======== Stored data

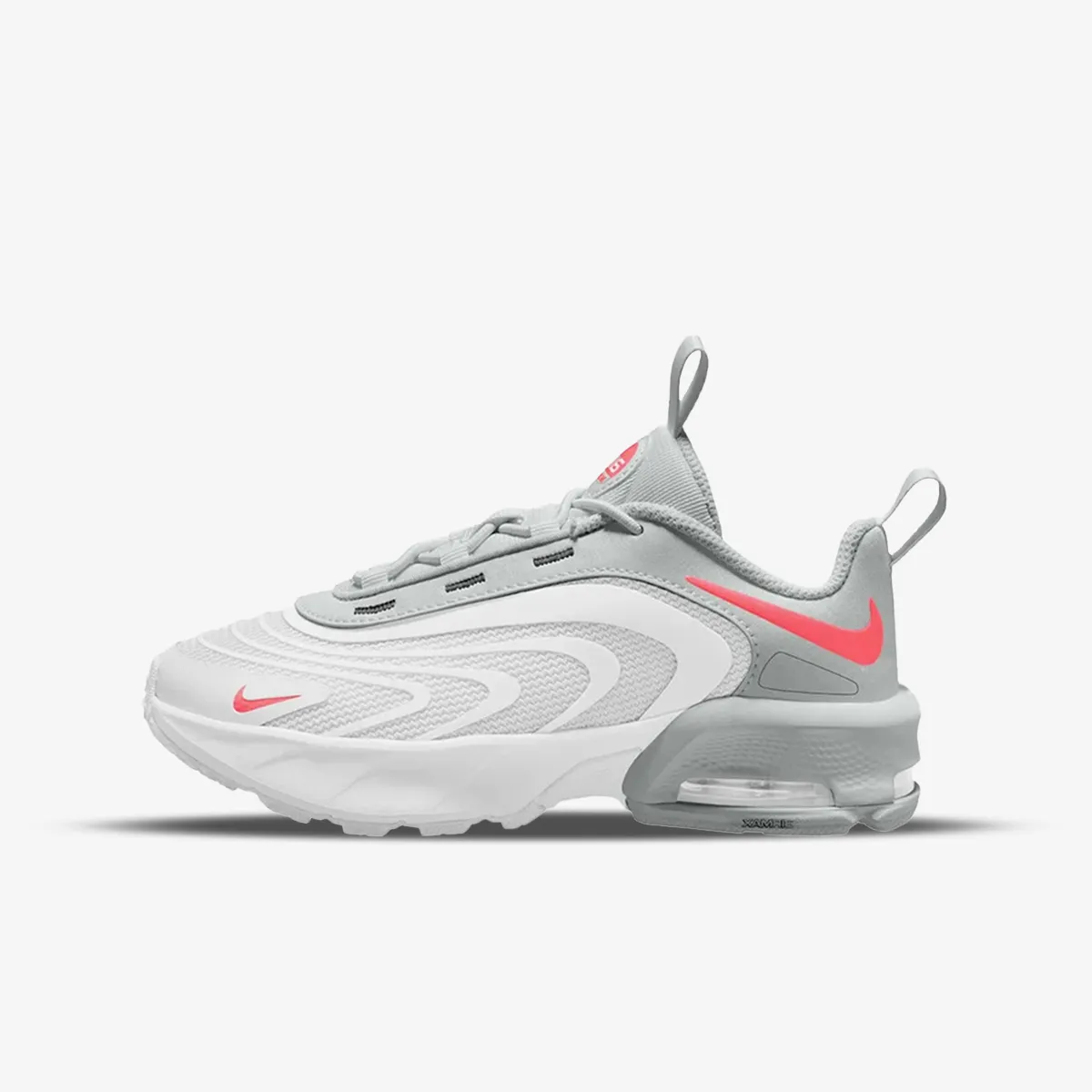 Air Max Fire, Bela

================
======== Stored data

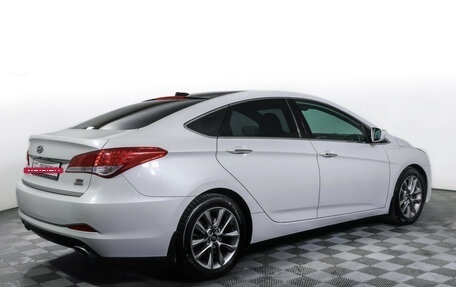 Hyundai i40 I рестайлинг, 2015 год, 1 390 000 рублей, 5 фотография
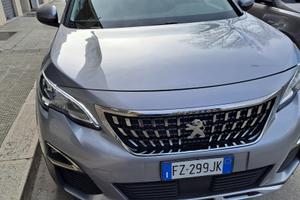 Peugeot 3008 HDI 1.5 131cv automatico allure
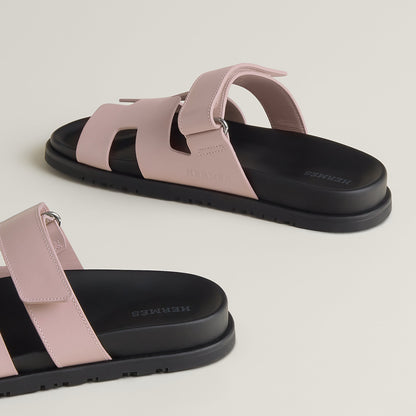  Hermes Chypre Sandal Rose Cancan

================

:: Your instructions ::
Your task is to copy only the lines above starting at the one containing "Peugeot 3008 HDI 1.5 131cv automatico allure" and ending at the one containing "Hermes Chypre Sandal Rose Cancan". Copy them exactly, both ends included, and omit the pictures.

:: Exercise output ::
 Peugeot 3008 HDI 1.5 131cv automatico allure
  Hermes Chypre Sandal Rose Cancan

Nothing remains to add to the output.